È accaduto il 15 agosto di quest’anno: il presidente Ashraf Ghani ha lasciato l’Afghanistan per fuggire in Uzbekistan, lasciando che i talebani occupassero Kabul, imponendo il loro regime.
Diverse ambasciate sono state evacuate, i diplomatici sono stati trasferiti dal Paese in sicurezza, migliaia di cittadini si sono riversati sulla pista dell’aeroporto, nel disperato tentativo di trovare una via di fuga. Ma non c’è stato verso.

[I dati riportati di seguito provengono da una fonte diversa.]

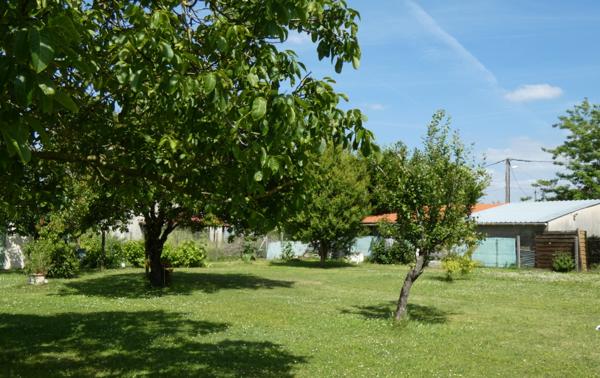 MEDIS -PROCHE CENTRE -TERRAIN CONSTRUCTIBLE DE 539 M²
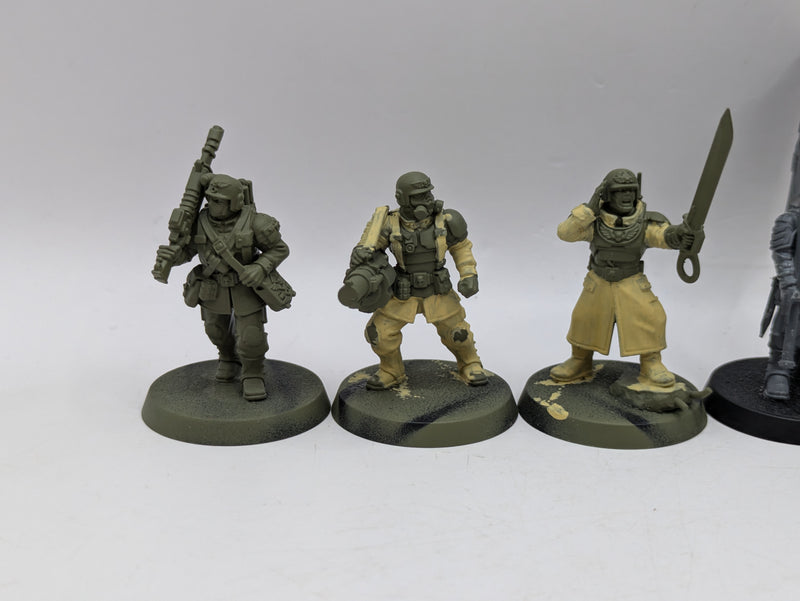 Warhammer 40k: Astra Militarum Cadian Command Squad (AZ185)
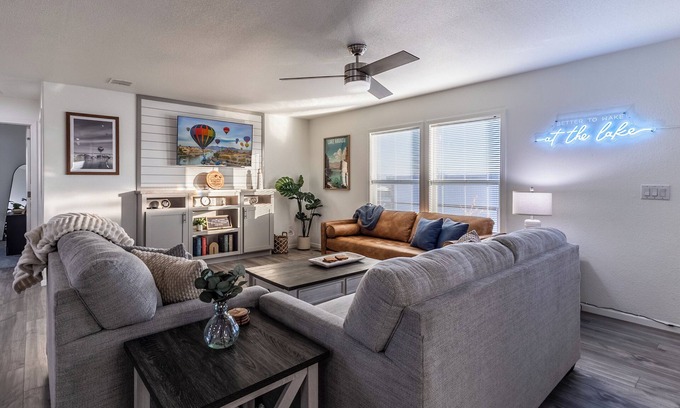 Desert Hills House | Lake Havasu 3BR Home w/Boat Parking, Lake Views + Snowbird Long-Term Welcome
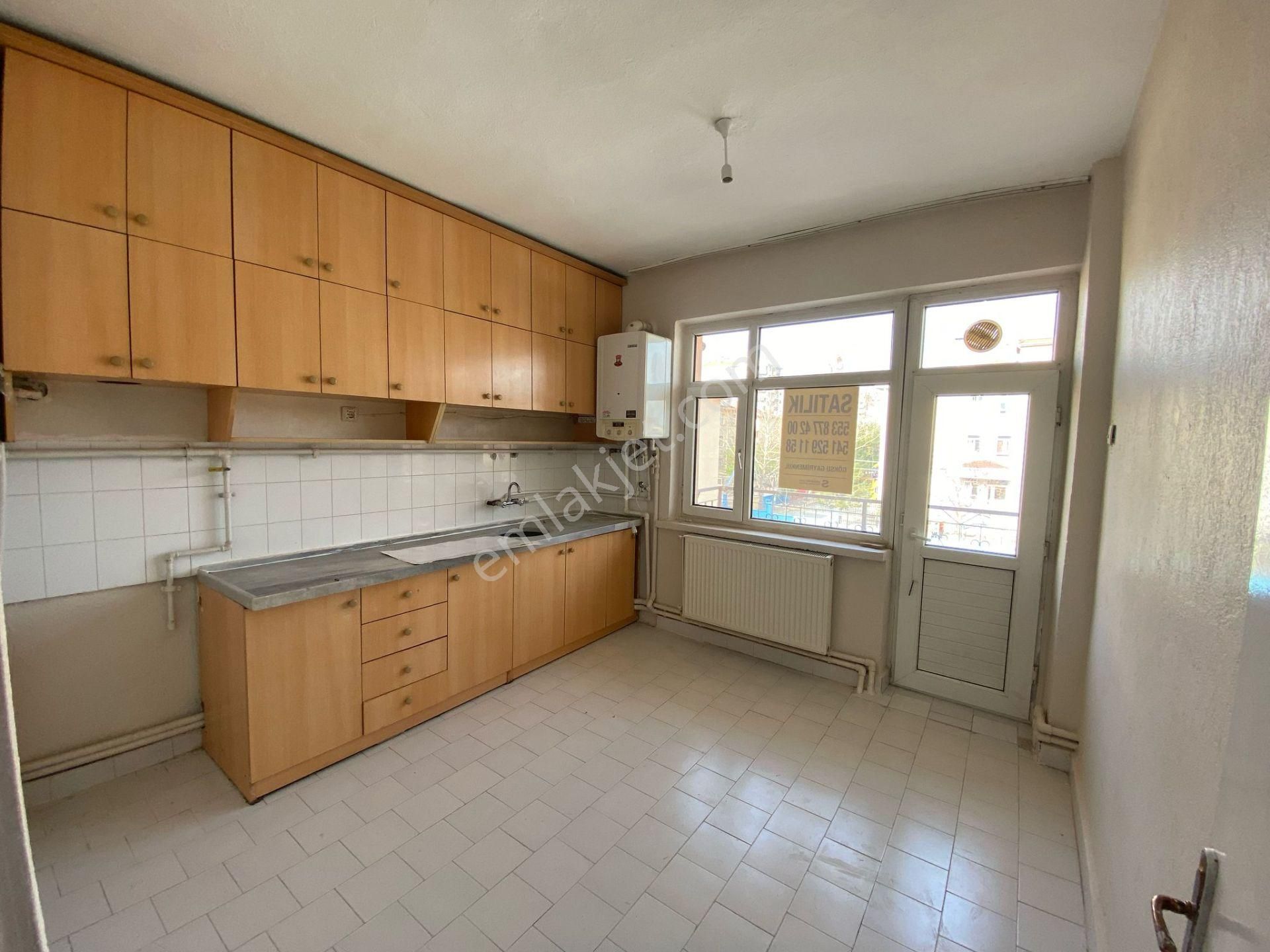 Veysel Karani Cad. Yanı Son Kat Bakımlı 2+1 Boş Satılık Daire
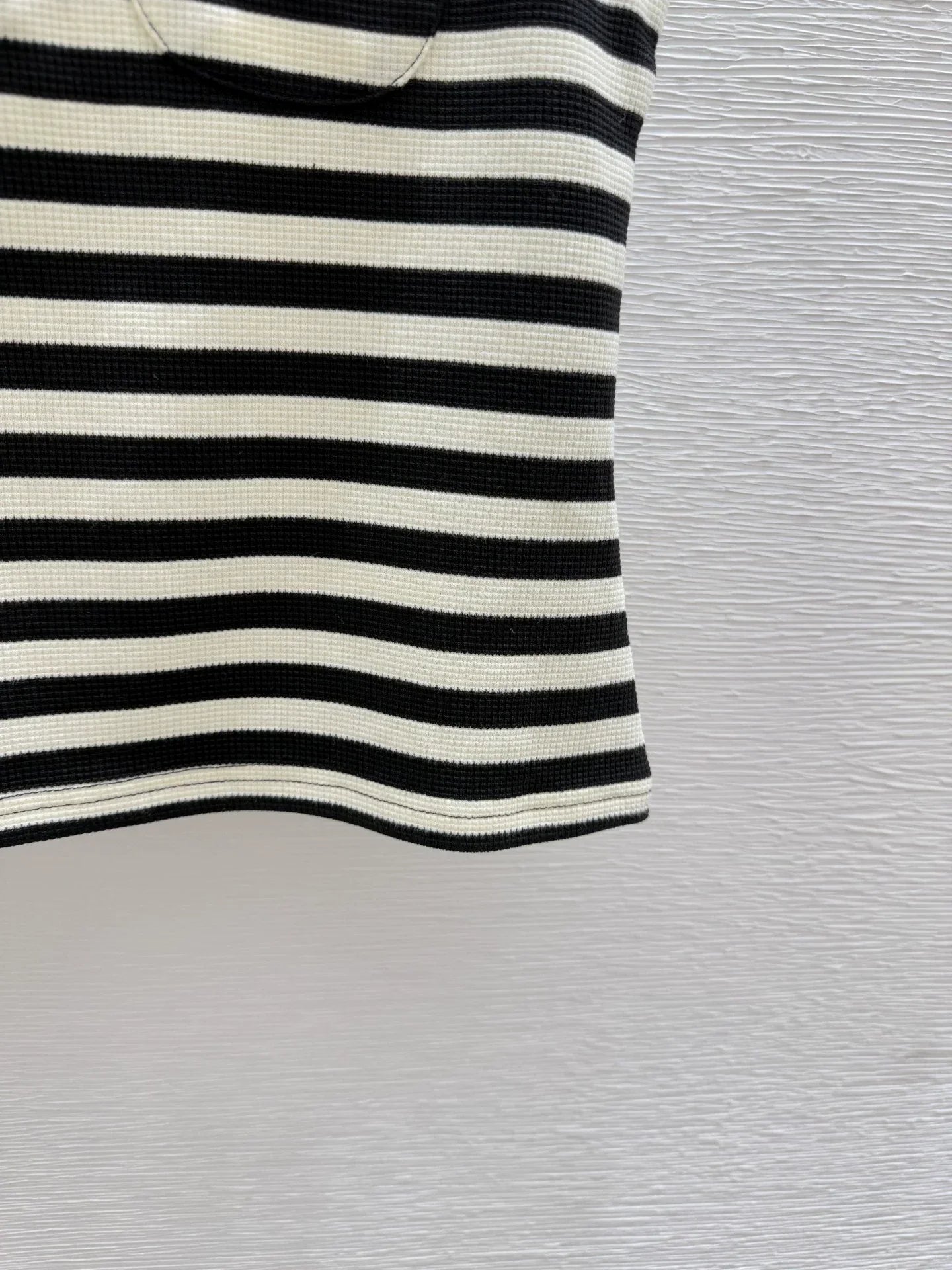 25 new contrast striped button pocket knitted vest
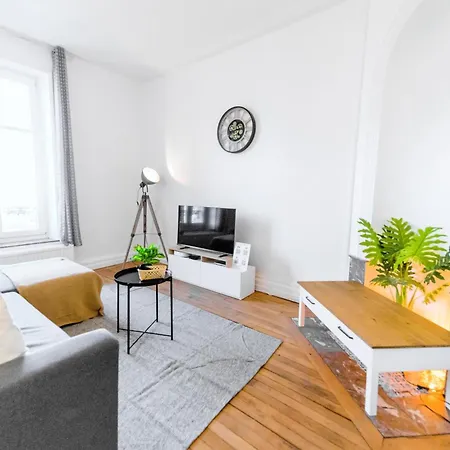 Appartement Double Fabriques, 2 Bedrooms, Central, Parking Nearby, Self Checkin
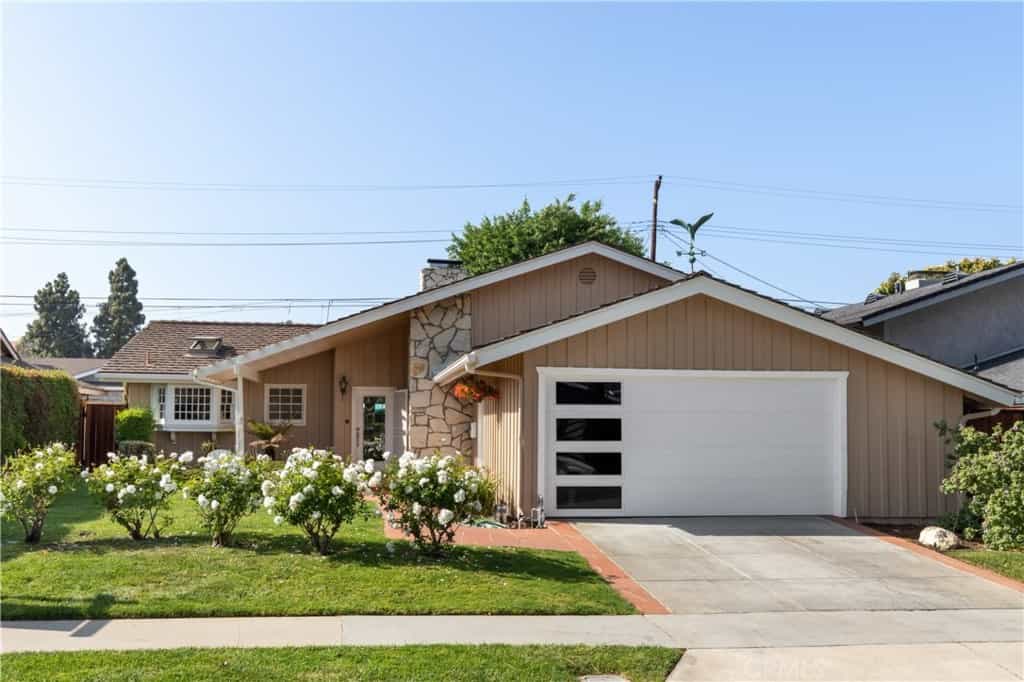House in Long Beach, California 11013142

articolo a cura di Myriam Pellegrino*
Ad oggi l’intera Afghanistan, dopo vent’anni di intervento militare americano e della Nato, è di nuovo nelle mani dei talebani, che l’hanno resa un emirato islamico. Coloro che ne hanno risentito maggiormente sono come al solito le donne, alle quali non è più concesso studiare nelle scuole, lavorare fuori casa (fatta eccezione per alcune infermiere che prestano servizio all’ospedale di Kabul), usare cosmetici, ridere ad alta voce, andare in taxi senza un mahram, apparire in televisione o in radio, o semplicemente al proprio balcone, fotografare o filmare un avvenimento, indossare tacchi alti, praticare sport. Allo stesso tempo vige l’obbligo secondo il quale le donne debbano indossare il burqa in luoghi aperti e in presenza di uomini. Contro coloro che non rispettano tali leggi è consentito usare botte, frustate e violenza verbale, nonché lapidazione pubblica in caso di adulterio. Ma mentre in Italia rimaniamo pietrificati da tanta efferatezza, nella stessa Kabul l’11 settembre, 300 donne velate hanno marciato a sostegno dei talebani, innalzando la loro bandiera e sostenendo che a loro spetti occuparsi della maternità e dei lavori domestici piuttosto che ricoprire cariche politiche o dedicarsi allo studio. Tali donne non conoscono una vita differente da quella che da sempre sono abituate a vivere. Sono cresciute in un ambiente che vieta loro di scegliere chi amare, di realizzare i propri sogni, coltivare le proprie passioni, essere semplicemente se stesse. Ciò che a noi sembra surreale, per loro è la normalità. Eppure per ogni donna a cui questa vita sta bene, c’è sempre un’altra donna che agogna la libertà. A testimonianza di quanto appena citato, Mahjabin Hakimi, giovane pallavolista di etnia hazara, nei primi di ottobre è stata decapitata dai Talebani perché non solo aveva giocato a pallavolo nonostante il regime talebano l’avesse rigorosamente proibito, ma aveva anche deciso di farlo a viso scoperto, senza indossare il famoso hijab. Fine altrettanto drammatica è stata quella di Frozan Safi, attivista e docente di economia, uccisa brutalmente a colpi di proiettili. Frozan ed altre tre donne stavano cercando di uscire dal Paese, spaventate dal nuovo regime, ed erano state “attirate” in una casa di Mazar-i-Sharif da due uomini che avevano promesso loro di aiutarle a fuggire. Dopo due settimane dalla scomparsa di Frozan Safi, l’attivista afghana è stata ritrovata senza vita, il corpo crivellato di colpi d’arma da fuoco e il volto sfigurato.